# Planted Tanks > Plant Talk > Cryptocoryne Club >  Emerged Cryptocoryne

## keithtang

Trying my hands on a few to start of. Hope my set up is ok for them.

----------


## illumbomb

What species are you growing and is the upper substrate layer some kind of potting soil mix?

----------


## keithtang

Top layer are a mixture of sudo sand, lapis sand, ADA soil and Katapang leafs.
Growing Pontederiifolia, Wendtii , Cordata and 2 more I am not sure what type.

----------


## illumbomb

Do keep us posted on the results. Thanks.

----------


## keithtang

After 11 days. The leafs melted. But new one is out. Some about almost an inch height.

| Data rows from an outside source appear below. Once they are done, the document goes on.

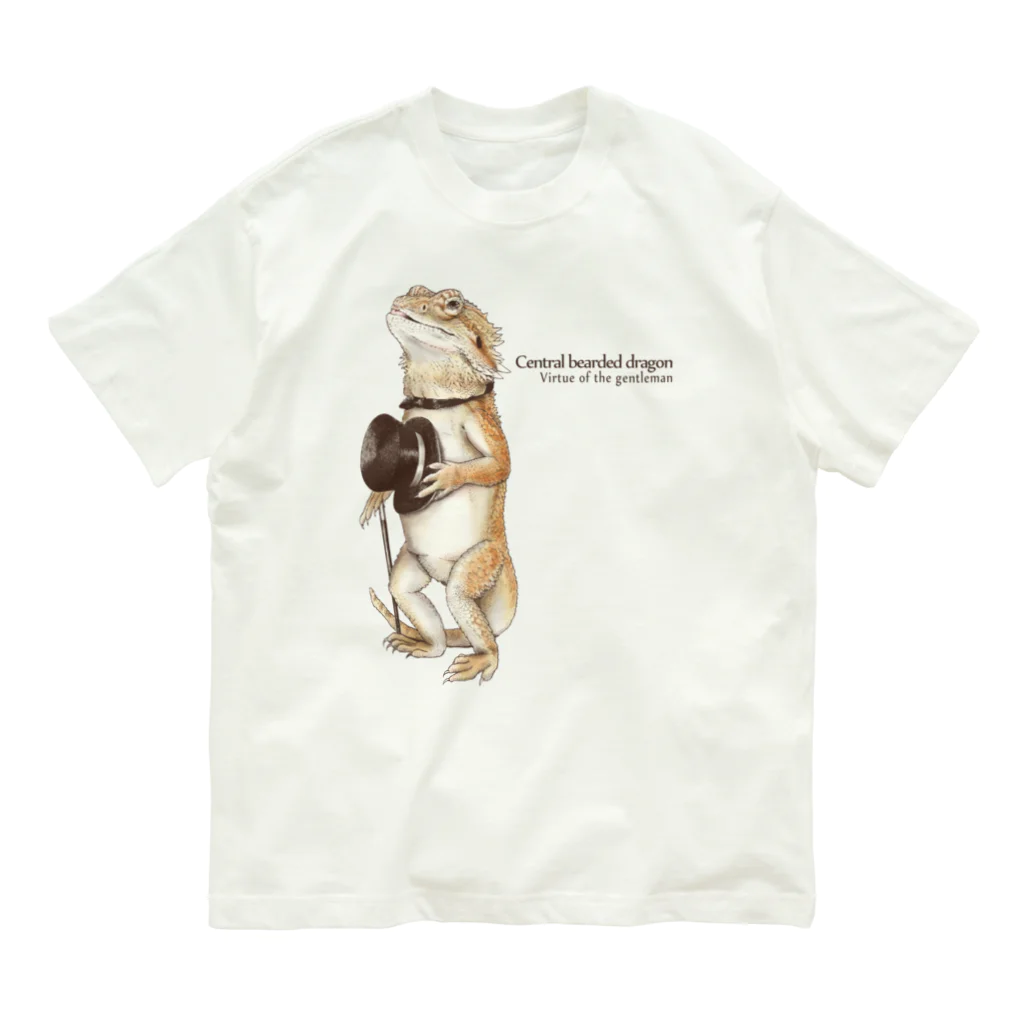 アトリエPTIMOのフトアゴヒゲトカゲ紳士 Organic Cotton T-Shirt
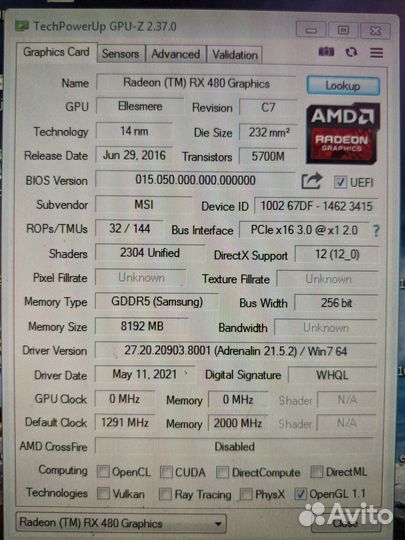 Видеокарта Msi Armor Rx 480 8Gb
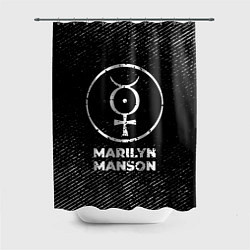 Шторка для душа Marilyn Manson с потертостями на темном фоне, цвет: 3D-принт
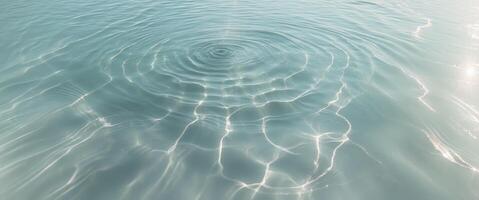Mysterious ocean surface aerial view of underwater light rays and serenity photo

Will update with some photo soon.

----------


## TS168

sharing how i grow my crypt in emmerse environment.
Have this plant in this enclosure for 1year and today i open up to redo it. Found it healthy even thou there alot of powder fungi mold inside.

----------


## keithtang

Wow thanks for sharing.After 1 year then you open up. But for emerged will it grow alot. As in plantlet?

----------


## TS168

for my other container i have 4-6 plantlets.  :Smile:

----------


## keithtang

Thanks. Will update my cryptocoryne will photo soon.

----------


## yashimoto

any update on the project you doing??

----------


## keithtang

Will update soon...leafs melted now all growing back...still very new leafs...

----------


## keithtang

Here are the cryptocoryne. 
uploadfromtaptalk1395843322251.jpg

----------


## keithtang

thinking of shifting them to an enclosed box for better moisture. what's members advise and things to look into? I find that they grow pretty slow and some just grow melt then grow and melt again. Headache about this.

----------


## keithtang

Just redo my emersed tank with cover.uploadfromtaptalk1410014538458.jpg

----------


## tureblue82

do they flower in emersed state?.... very nice,keep it up! :Grin:

----------


## keithtang

Just started not long. Haven't sees any still. Waiting.

----------